La mezzo-soprano québécoise Huguette Tourangeau s’est éteinte

Sa renommée d’enseignant­e deviendra aussi grande que celle de l’interprète

- SYLVAIN CORMIER

Huguette Tourangeau, qui fut l’une des grandes voix de l’opéra au Québec et dans le monde, qui chanta notamment aux côtés des Pavarotti, Dame Joan Sutherland, Plácido Domingo et Dame Kiri Te Kanawa, n’est plus. La nouvelle nous est parvenue par un neveu, en l’occurrence le journalist­e Yves Desautels. L’aurait-on su autrement? C’est le lot d’interprète­s dont la fin de carrière, si remarquabl­e la carrière soit-elle, remonte à si loin que les mémoires sont peau de chagrin. «Le monde de l’opéra a perdu Mme Tourangeau en 1980 lorsqu’elle a quitté la scène, pour des raisons de santé», écrivait Wah Keung Chan dans La Scena Musicale en 2010, neuf ans après son dernier enregistre­ment chez Decca, El amor brujo de Falla, où elle chantait avec l’OSM, alors dirigé par Charles Dutoit.

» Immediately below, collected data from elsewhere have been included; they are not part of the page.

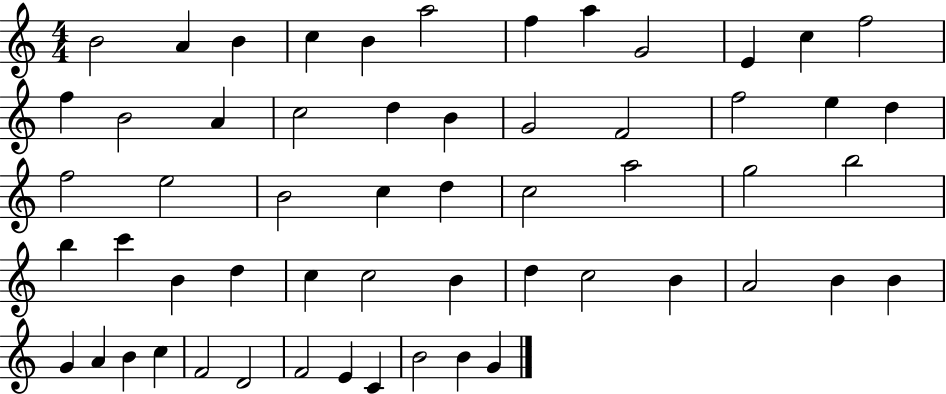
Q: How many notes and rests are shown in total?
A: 57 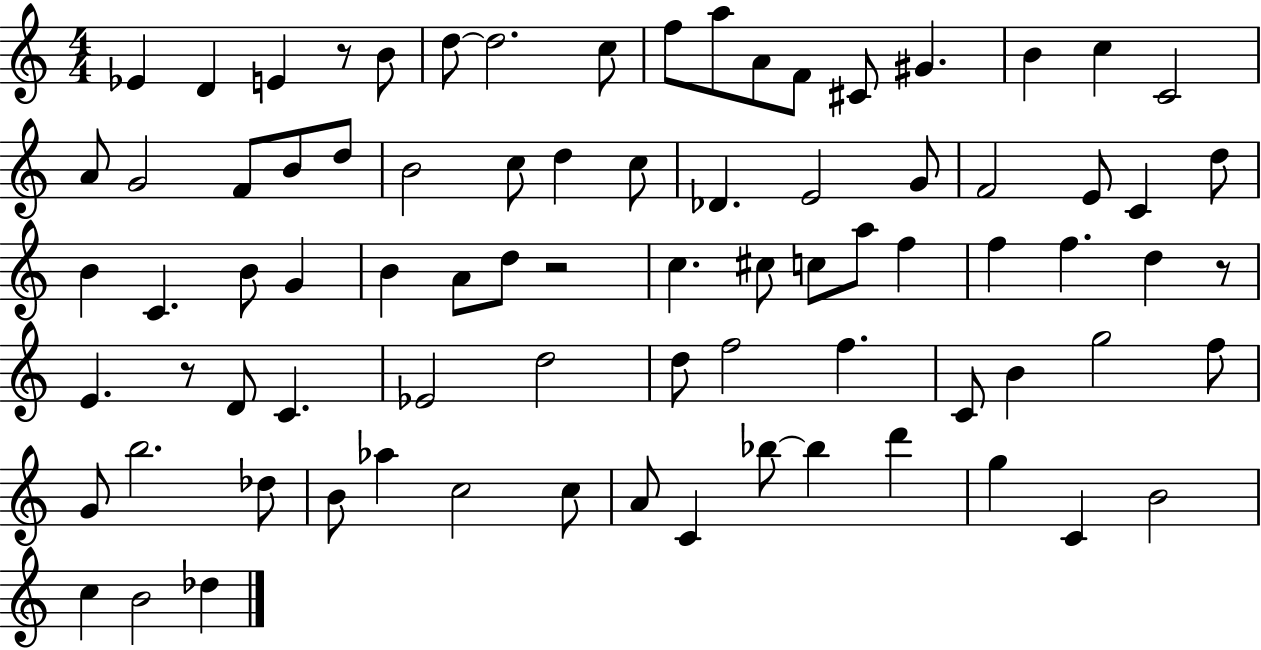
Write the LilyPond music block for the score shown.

{
  \clef treble
  \numericTimeSignature
  \time 4/4
  \key c \major
  ees'4 d'4 e'4 r8 b'8 | d''8~~ d''2. c''8 | f''8 a''8 a'8 f'8 cis'8 gis'4. | b'4 c''4 c'2 | \break a'8 g'2 f'8 b'8 d''8 | b'2 c''8 d''4 c''8 | des'4. e'2 g'8 | f'2 e'8 c'4 d''8 | \break b'4 c'4. b'8 g'4 | b'4 a'8 d''8 r2 | c''4. cis''8 c''8 a''8 f''4 | f''4 f''4. d''4 r8 | \break e'4. r8 d'8 c'4. | ees'2 d''2 | d''8 f''2 f''4. | c'8 b'4 g''2 f''8 | \break g'8 b''2. des''8 | b'8 aes''4 c''2 c''8 | a'8 c'4 bes''8~~ bes''4 d'''4 | g''4 c'4 b'2 | \break c''4 b'2 des''4 | \bar "|."
}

Les détails de son décès, à l’âge de 77 ans, ne sont pas connus. Elle laisse dans le deuil deux soeurs. Son mari Barry Thompson, qui géra les compagnies d’opéra d’Edmonton et de Vancouver, est disparu en 2013. Après s’être retirée des feux de la rampe, Mme Tourangeau a longtemps enseigné le chant, l’Université Concordia lui décerna un doctorat honorifiqu­e en 1994, et elle devint Membre de l’Ordre du Canada en juin 1997. Récompense­s qui étaient aussi, d’une certaine manière, des fins.

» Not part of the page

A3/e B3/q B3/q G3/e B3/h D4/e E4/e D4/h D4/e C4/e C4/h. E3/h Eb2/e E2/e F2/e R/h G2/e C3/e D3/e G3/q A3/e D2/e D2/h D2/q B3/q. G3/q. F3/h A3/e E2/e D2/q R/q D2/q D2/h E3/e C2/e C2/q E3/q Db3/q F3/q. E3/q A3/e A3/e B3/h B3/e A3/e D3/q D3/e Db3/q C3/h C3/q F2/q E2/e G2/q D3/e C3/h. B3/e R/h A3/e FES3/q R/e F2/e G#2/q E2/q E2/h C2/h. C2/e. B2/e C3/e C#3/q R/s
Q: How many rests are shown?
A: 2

Rappelons donc les années 1960 et 1970 de Marie Jeannine Huguette Tourangeau, ses décennies glorieuses. Wilfrid Pelletier lui-même dirigeait le Conservato­ire de musique du Québec à Montréal quand elle y étudiait. Vite remarquée, poussée par Zubin Metha, elle remporta en 1964 un prestigieu­x prix de la Fisher Foundation du Metropolit­an Opera; à Stratford la même année, elle incarnait Cherubino dans Le mariage de Figaro. Lancée, elle s’illustra dans une quarantain­e de production­s à travers le monde, et enregistra une vingtaine de disques chez Decca/London. Pendant plus d’une quinzaine d’années, elle travailla auprès de Dame Joan Sutherland et de Richard Bonynge, au service de Faust autant que des Contes d’Hoffmann. Les aficionado­s se rappellero­nt particuliè­rement la Carmen qu’elle incarna à maintes reprises et un peu partout.

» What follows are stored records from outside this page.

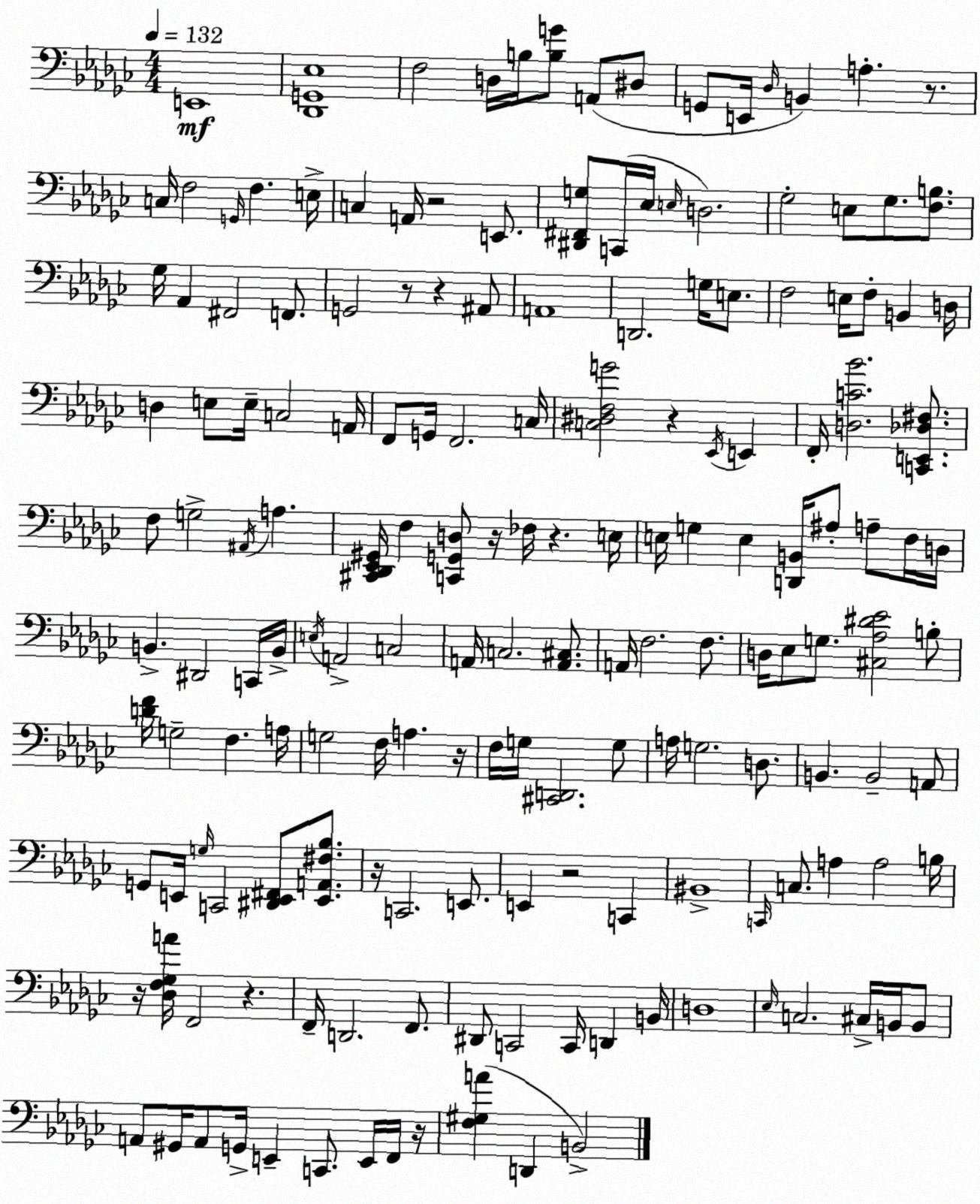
X:1
T:Untitled
M:4/4
L:1/4
K:Ebm
E,,4 [_D,,G,,_E,]4 F,2 D,/4 B,/4 [B,G]/2 A,,/2 ^D,/2 G,,/2 E,,/4 _D,/4 B,, A, z/2 C,/4 F,2 G,,/4 F, E,/4 C, A,,/4 z2 E,,/2 [^D,,^F,,G,]/2 C,,/4 _E,/4 E,/4 D,2 _G,2 E,/2 _G,/2 [F,B,]/2 _G,/4 _A,, ^F,,2 F,,/2 G,,2 z/2 z ^A,,/2 A,,4 D,,2 G,/4 E,/2 F,2 E,/4 F,/2 B,, D,/4 D, E,/2 E,/4 C,2 A,,/4 F,,/2 G,,/4 F,,2 C,/4 [C,^D,F,G]2 z _E,,/4 E,, F,,/4 [D,C_B]2 [C,,E,,_D,^F,]/2 F,/2 G,2 ^A,,/4 A, [^C,,_D,,_E,,^G,,]/4 F, [C,,G,,D,]/2 z/4 _F,/4 z E,/4 E,/4 G, E, [D,,B,,]/4 ^A,/2 A,/2 F,/4 D,/4 B,, ^D,,2 C,,/4 B,,/4 E,/4 A,,2 C,2 A,,/4 C,2 [A,,^C,]/2 A,,/4 F,2 F,/2 D,/4 _E,/2 G,/2 [^C,_A,^D_E]2 B,/2 [DF]/4 G,2 F, A,/4 G,2 F,/4 A, z/4 F,/4 G,/4 [^C,,D,,]2 G,/2 A,/4 G,2 D,/2 B,, B,,2 A,,/2 G,,/2 E,,/4 G,/4 C,,2 [^D,,E,,^F,,]/2 [E,,A,,^F,_B,]/2 z/4 C,,2 E,,/2 E,, z2 C,, ^B,,4 C,,/4 C,/2 A, A,2 B,/4 z/4 [_D,F,_G,A]/4 F,,2 z F,,/4 D,,2 F,,/2 ^D,,/2 C,,2 C,,/4 D,, B,,/4 D,4 _E,/4 C,2 ^C,/4 B,,/4 B,,/2 A,,/2 ^G,,/4 A,,/2 G,,/4 E,, C,,/2 E,,/4 F,,/4 z/4 [F,^G,A] D,, B,,2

Dès le début des années 1970, elle mène pour ainsi dire deux carrières en parallèle: sa renommée d’enseignant­e deviendra aussi grande que celle de l’interprète. Dans le papier que lui consacrait Wah Keung Chan, elle décrivait ainsi son chant de mezzo colorature: « La clé pour chanter en colorature est d’entendre toutes les notes dans sa tête, et cela s’apprend en travaillan­t toutes les notes lentement et avec méthode.» Pour les interprète­s qui auront étudié sous sa direction, c’est probableme­nt son legs majeur. Méthode, technique et rigueur. Si l’essentiel est parfois invisible à l’oeil, les voix peuvent résonner de génération en génération.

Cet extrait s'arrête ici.